If you have a related question, please click the "Ask a related question" button in the top right corner. The newly created question will be automatically linked to this question.

# ADS1262: Use of a reference signal as an external reference

This is an application for a scientific instrument.  I have two signals of interest, a sample signal (S) and a reference signal (R) measured simultaneously on the same instrument.  My desired output is S/R.  Aside from noise, S and R are both positive and R>=S, so my output scales from 0 to 1.  Rather than measure the two signals separately, I would like to measure only S while using R as an external reference voltage for the ADS1262.  Will this work, and if so, do I need any special signal conditioning?

My device will attach to sensors with a standard output of 2V.  I plan to set FSR to 2.5 and would like to bias the voltage using AINCOM = 0.25V to allow room for noise below 0V and above 2V.  Can I do this rather than setting AINCOM to midrange?

Because S and R are often identical, using the PGA will usually put the output voltage above FSR. However there may be portions of the signal where S/R is small and use of the PGA would be useful in reducing noise,  Worst case would be PGA =32, resulting in a 64V input for S/R = 1.0.  Could this damage the ADS1262?

• Hi Patrick,

In principle, the configuration you are describing is commonly-used in a variety of applications. Just make sure to respect the absolute and differential input voltage range limitations on both the VREF and PGA inputs.

I am not sure I follow what you want to do in the second paragraph. Is the 2V sensor output referenced to ground? And you want VREF = 2.5V, where you are measuring the sensor signal against AINCOM = 0.25V? If so, when the input signal is 0V, you will measure a differential voltage of -0.25V. When the sensor signal is 2V, you will measure a differential voltage of 1.75 V. Also note that the ADS1261 cannot measure ground-reference input signals with the PGA enabled. See Equation 12 in the ADC datasheet for more information.

The PGA output voltage will be clamped by the supply rails. So as long as the input to the ADC pins is within the recommended operating conditions, the PGA will be okay even if you select a larger gain. However, it may take some time for the PGA to recover from an overload condition. This is not specified in the datasheet, and is just a general observation. The ADS1262 monitors can identify when the PGA output voltage has dropped below the given threshold. Refer to Section 9.3.7 in the ADC datasheet for more information.

-Bryan

• Thanks Bryan.  Sorry for the confusion in paragraph 2.  What I want to do is map my 0-2V input signals for S and R to 0,25-2,25 on an FSR of 2,5 so that I don't hit the negative rail with negative noise.  If I do that, can I still ratio the two signals before they are biased?  Does the ratio of signal to the reference voltage precede the application of the bias?
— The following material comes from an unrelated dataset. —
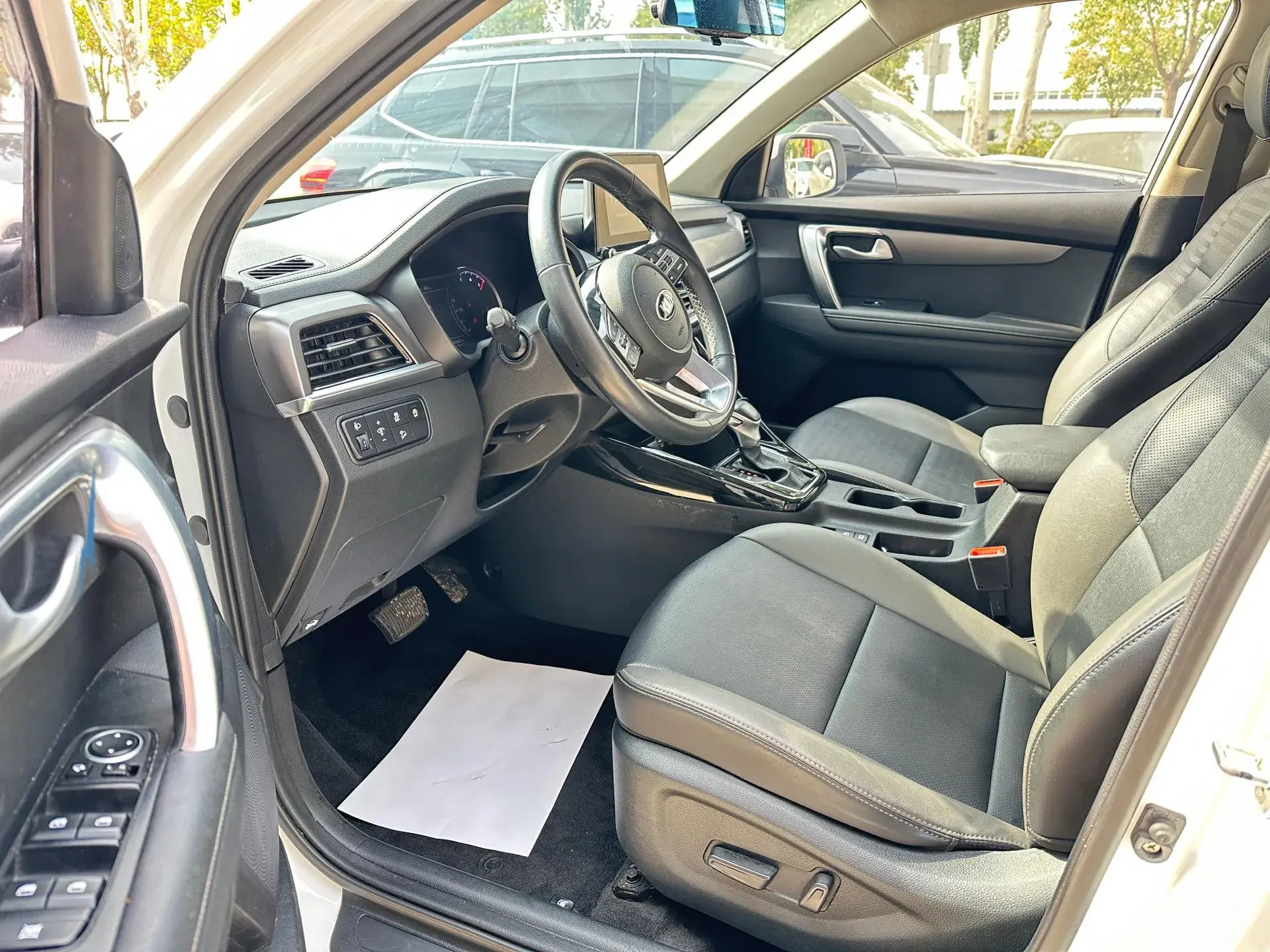 2019 KIA SPORTAGE thumbnail 4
• Both S and R are differential inputs,

• Hi Patrick,

I am a bit unclear on the terminology you are using. A 0-2V input signal is single-ended, assuming the sensor ground (0V) is the same as the ADC i.e. a unipolar supply. If the signal is single-ended, the ADS1262 PGA must be bypassed in order to operate properly, as you cannot input a 0V signal into the ADC with the PGA enabled (again, refer to Equation 12).

However, you also mention that your signal (S) is differential, which conflicts with the first statement.

It seems like you need a bias signal to shift the output of the sensor so it matches the ADC input voltage. You suggested using AINCOM = 0.25V, though this would not shift the signal enough. I drew up a quick block diagram showing how you might configure the bias voltage, your sensor, and the ADC inputs given what I believe is going on with your system. In the system below, a 0V sensor output puts 1.5V at both AINP and AINN. A 2V sensor output has AINP = 3.5V and AINN = 1.5V, which puts the input common-mode signal (2.5V) at the ADC mid-supply voltage (also 2.5V, assuming AVDD = 5V). This is the ideal situation.